# Cervelo RS, Campy Group-O, and In-Line Adjusters



## Falldog (Aug 27, 2006)

Howdy,
I am moving my Campy Group-O from my Bianchi to an 09 RS. Notice that the RS Frame does NOT include barrel adjusters for the Front and Rear D on the frame itself. The Solution is In-Line Adjusters. Jagwire makes a few models of in-line adjusters.

I've looked around the pics on this forum but I don't see anyone using Campy on a Cervelo RS (or similar) Frame with In-Line Adjusters.

The Campy Rear D. has a cable adjuster, so I can get away without an in-line adjuster. The Campy Front D has nothing.

Wondering if I should just not worry about any in-line adjusters and just install the Front D. cable with proper care and use the Rear D's built-in adjuster as needed.

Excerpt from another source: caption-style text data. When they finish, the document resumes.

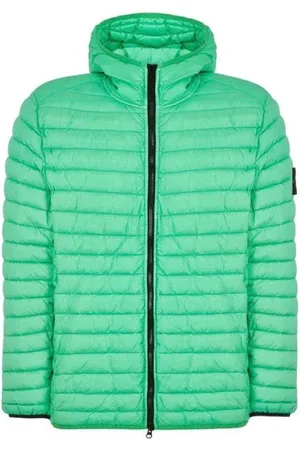Stone Island Kurtki, Mężczyzna, Zielony, S, Lekka zielona kurtka puchowa z kapturem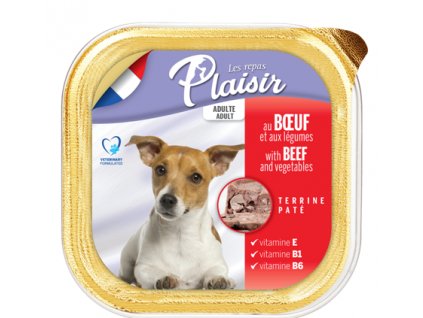 Plaisir Dog hovězí, vanička 300 g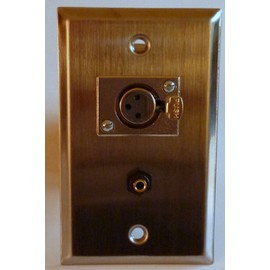 Philmore Stainless Steel Wall Plate with (1) XLR 3-Pin Female Microphone Connector & (1) 3.5mm Stereo Feed-Thru Jack; 75-733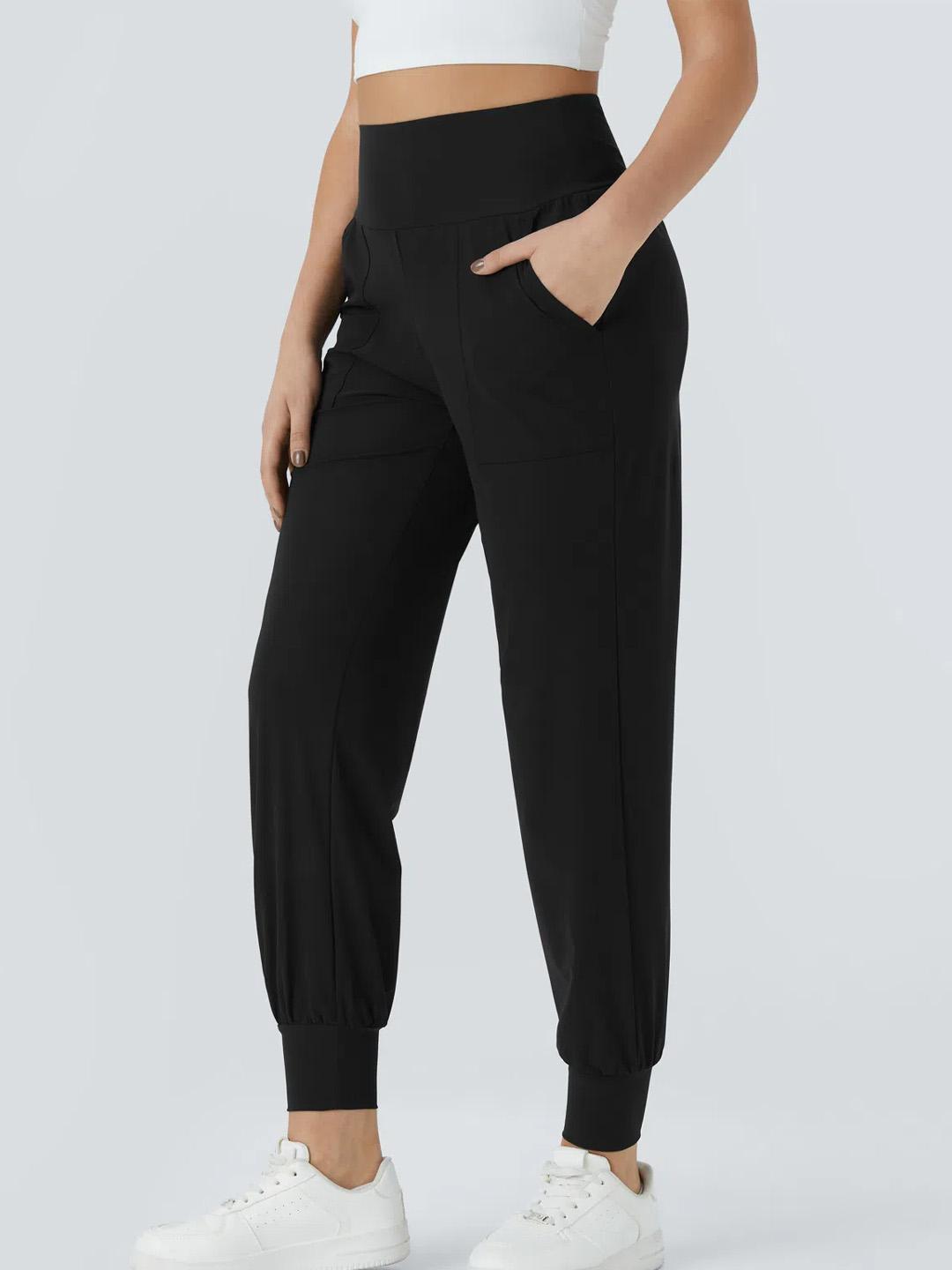 Women’s High-Waisted Jogging Pants with Pockets, Black - Image 9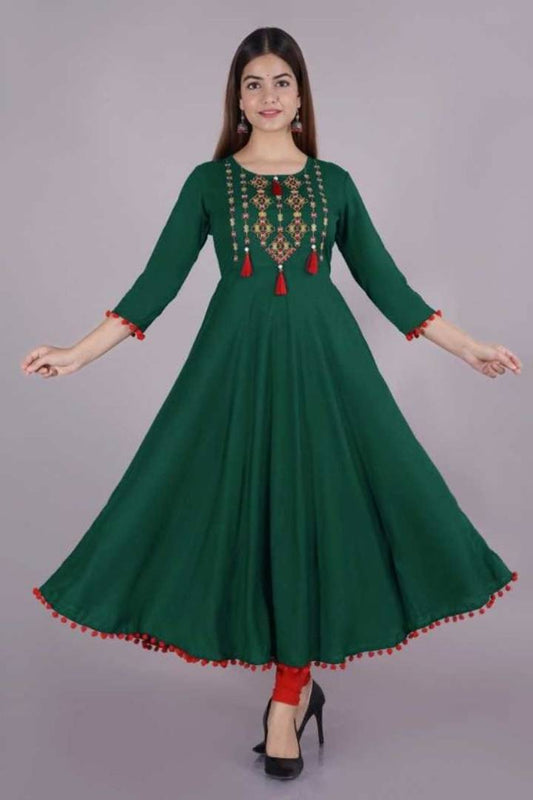 Attractive Embroidered Rayon Gown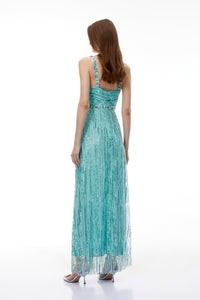 Ianthe Green Embellishment Fringed Maxi Dress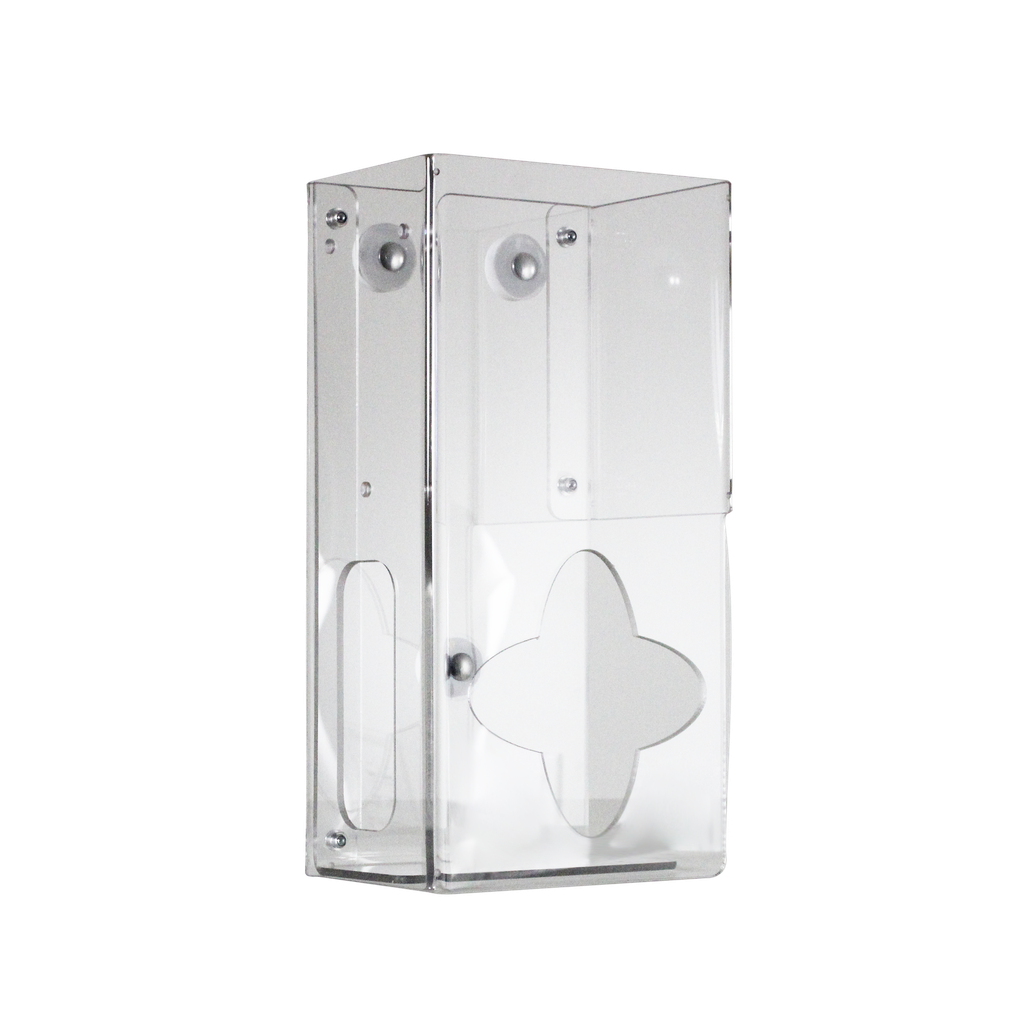 Vertical Two-Bin Small Clear Kimwipe Dispenser, Magnet Mount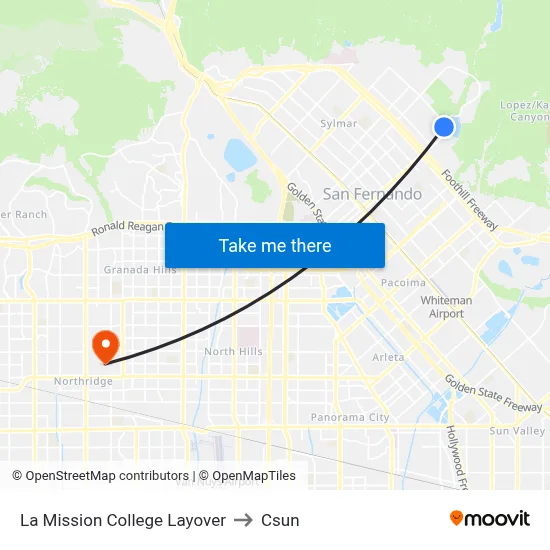 La Mission College Layover to Csun map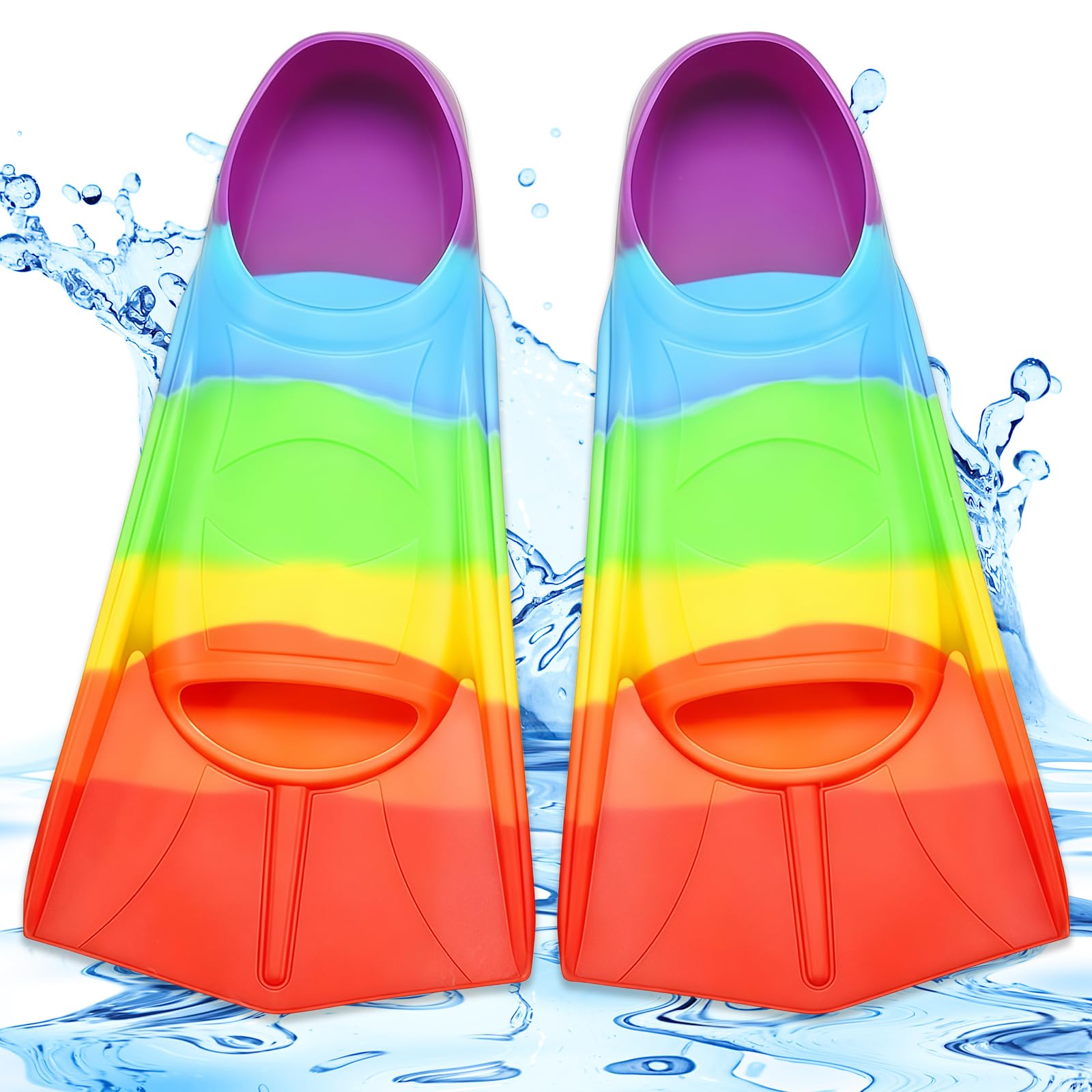 Aletas de Natación para Niños, Silicona 100%, Aletas Cortas para Niños, 24 - 26 Yardas, Aletas de Buceo Cortas para Entrenamiento de Natación, Snorkel, Buceo para Principiantes, Piscina, Playa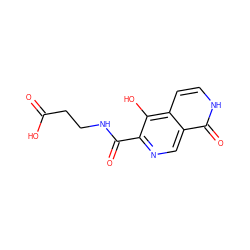 O=C(O)CCNC(=O)c1ncc2c(=O)[nH]ccc2c1O ZINC000203955680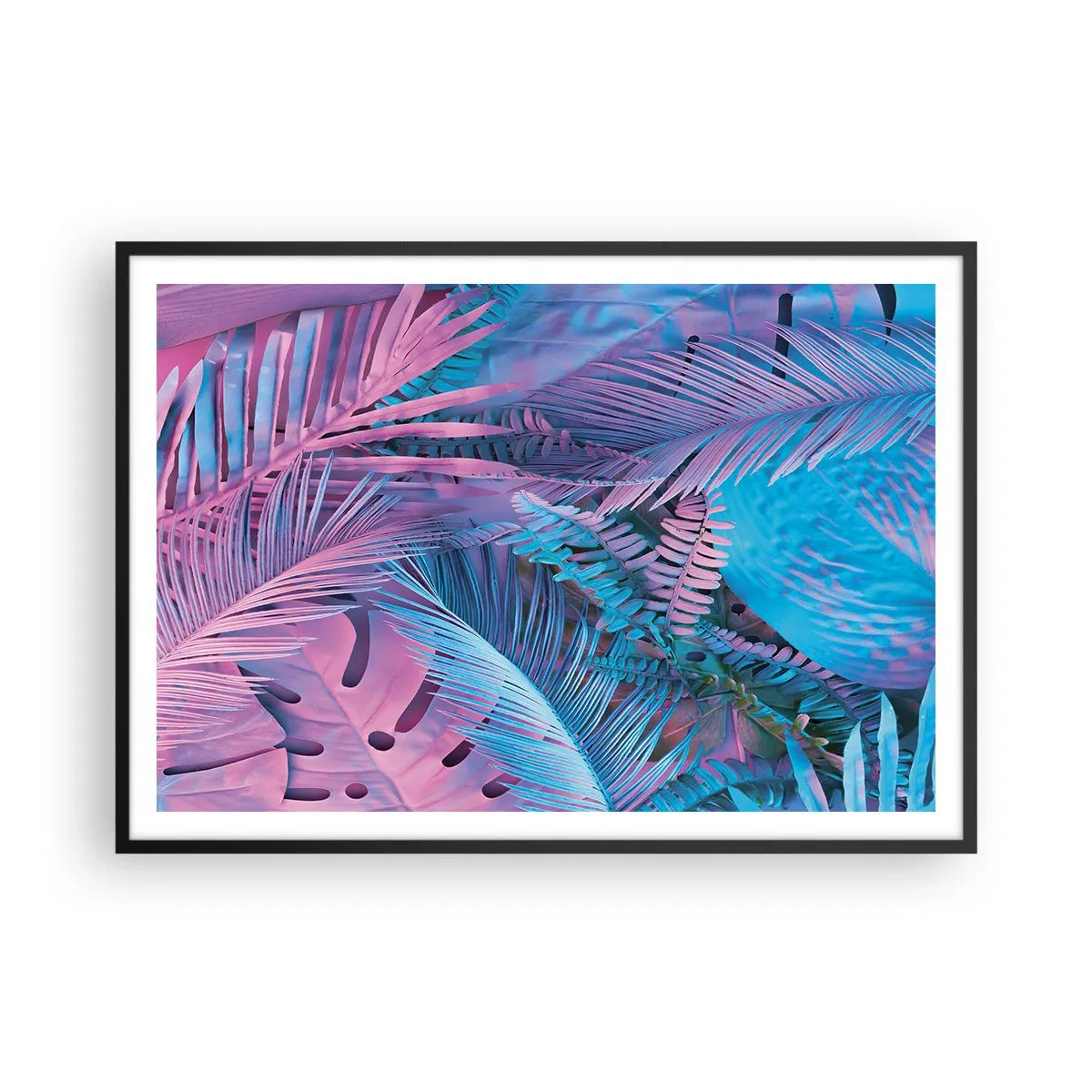 Poster in einem schwarzem Rahmen - Tropische Blätter in Rosa- und Blautönen - 100x70cm - Tropen in Rosa und Blau - Moderne Wanddekoration für Wohnzimmer und Schlafzimmer ARTTOR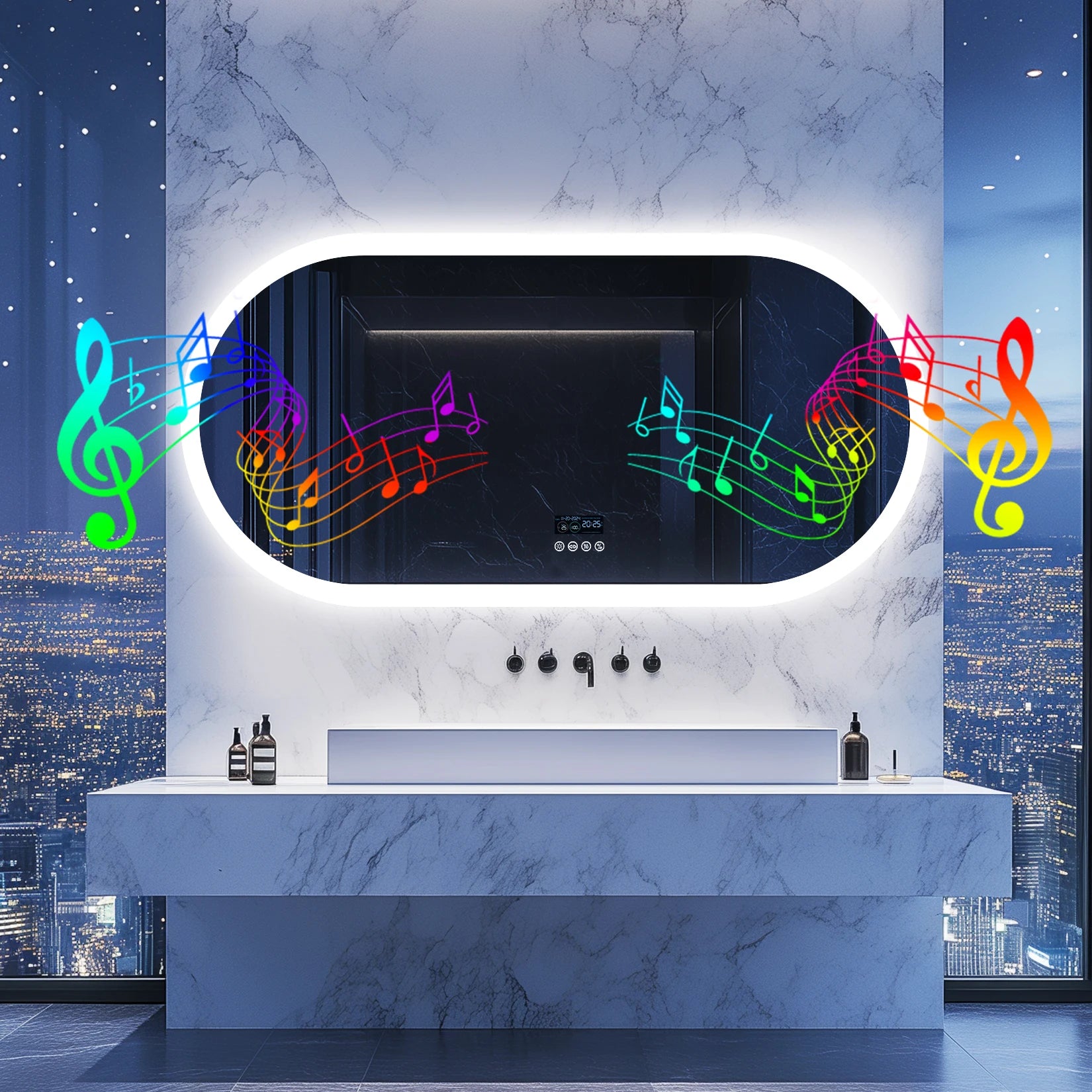 Lighted Bluetooth Bathroom Mirror Led Backlit
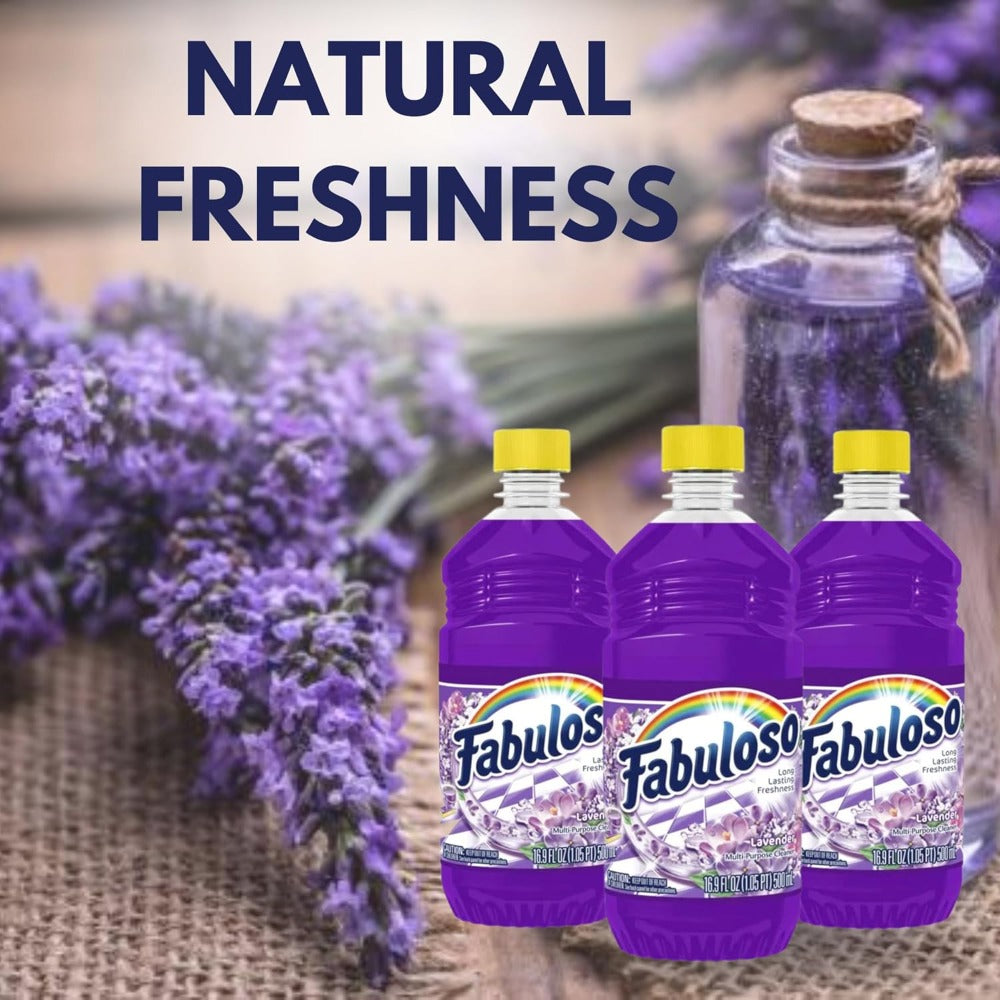 All Purpose Cleaner Lavender Scent 3 Pack (16.9 Fl Oz Each), Fabuloso Multi-Surface Floor Cleaner with Calming Lavender Fragrance ¨C Powerful Dirt & Grime Remover for Floors, Tiles, Bathrooms & Kitchens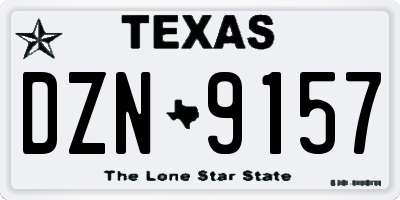 TX license plate DZN9157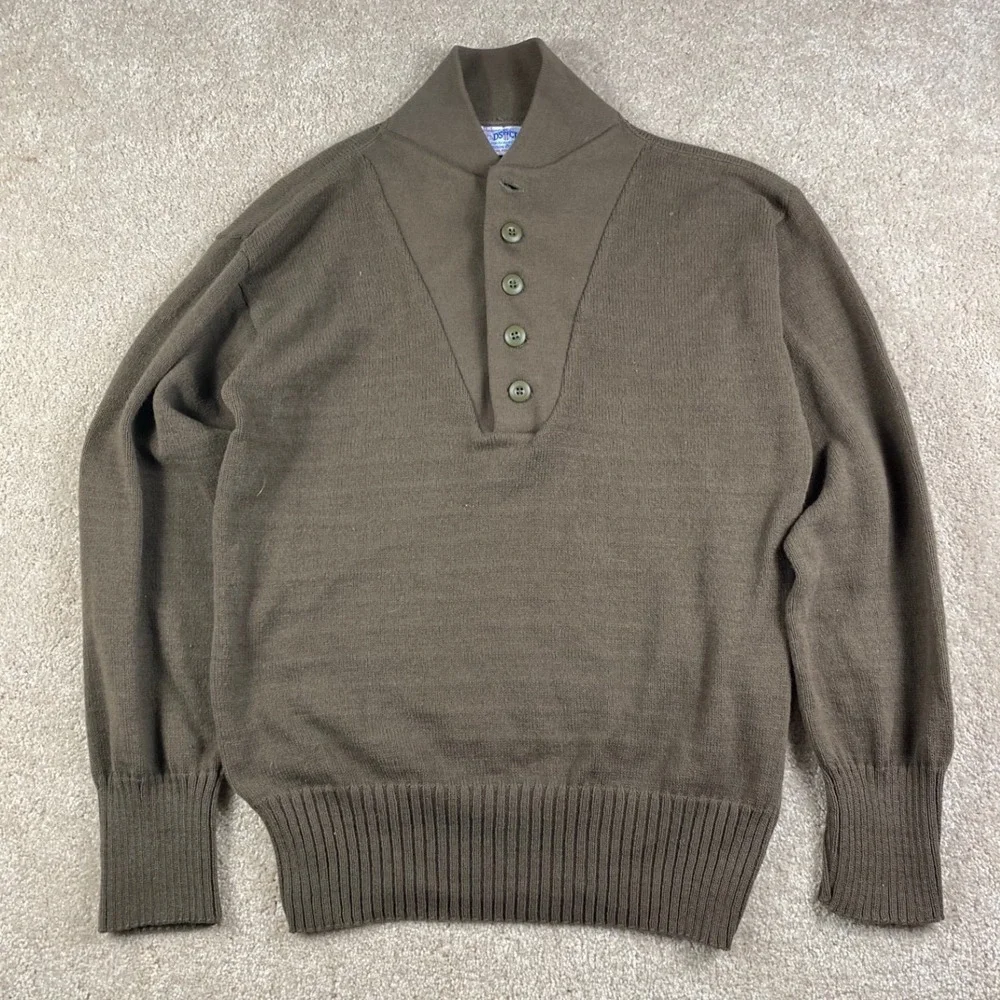 Garrison Collection Mens XL Olive Drab 5 Button Shawl Collar Military Sweater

Comments, Advice, ...or better yet...Pictures!! Welcome,

Thanks


----------



## mjengstrom (Apr 20, 2009)

I use in-line barrel adjusters with SRAM Force on my RS and it works fine. I would think you would want to have in-line adjusters. Minor tweaks are hard to do without them, especially while riding.

View attachment 182741


----------



## brujenn (Nov 26, 2007)

I haven't used barrel adjusters since setting up my Campy stuff. It was more important to have them for Ultegra and Dura-Ace. With my Chorus bits, I have a window of almost a full turn of adjustment wherein the rear still hits the target every time. With Shimano, teh window was much, much smaller.


----------